- Brief
From the first line to the last, print the material exactly, skipping the pictures.

---------- Input data ----------

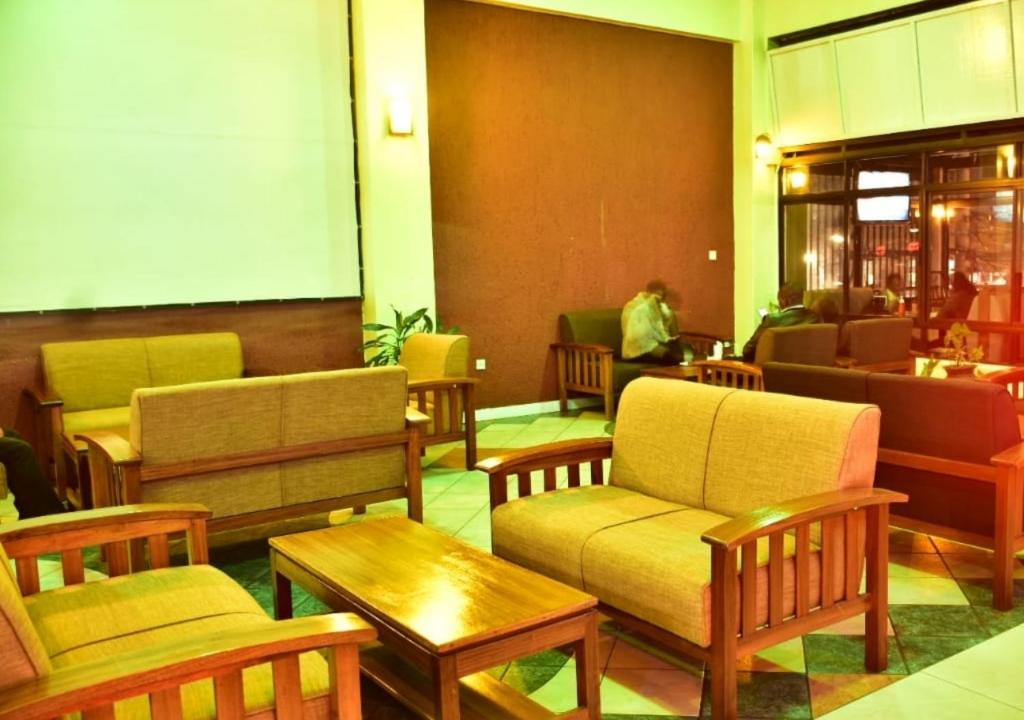 un vestíbulo con sillas y mesas en un restaurante en Klique Hotel Eldoret, en Eldoret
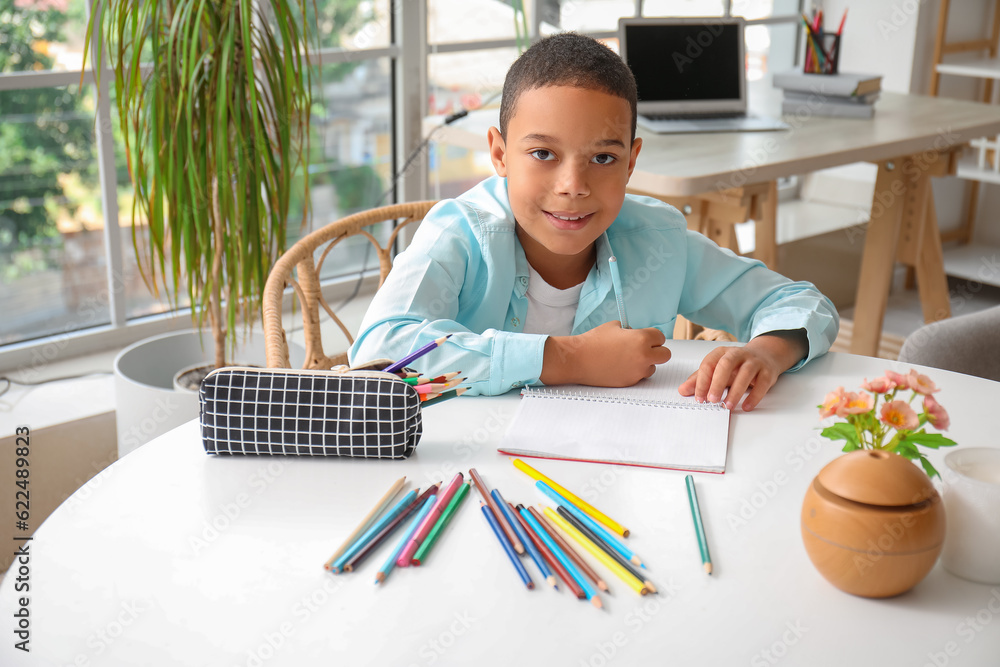 Little African-American boy with pencil case drawing at home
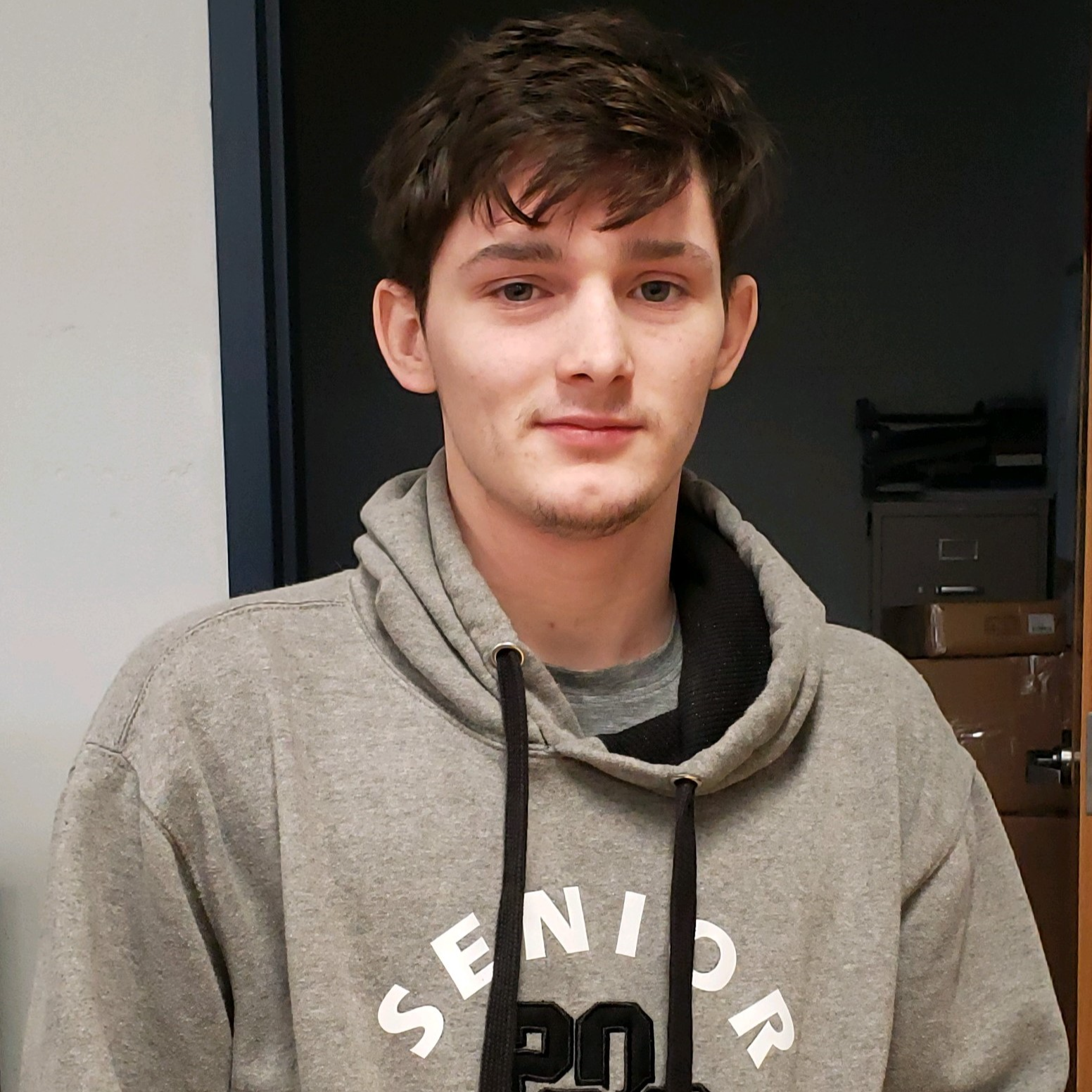 smiling young man with brown hair wearing a gray hoodie 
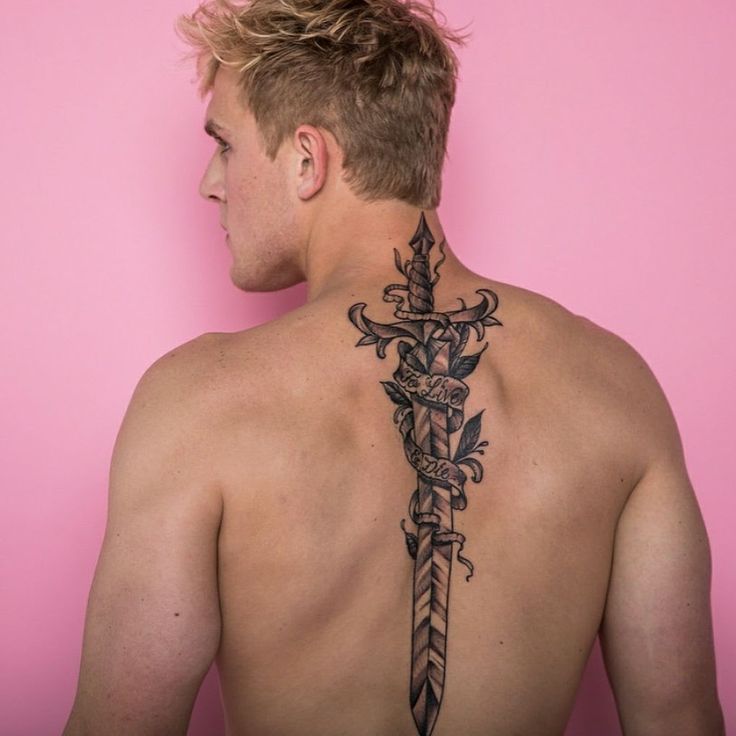 bold sword back tattoos for men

----------

- Exercise answer
 un vestíbulo con sillas y mesas en un restaurante en Klique Hotel Eldoret, en Eldoret
 Little African-American boy with pencil case drawing at home
 smiling young man with brown hair wearing a gray hoodie 
 bold sword back tattoos for men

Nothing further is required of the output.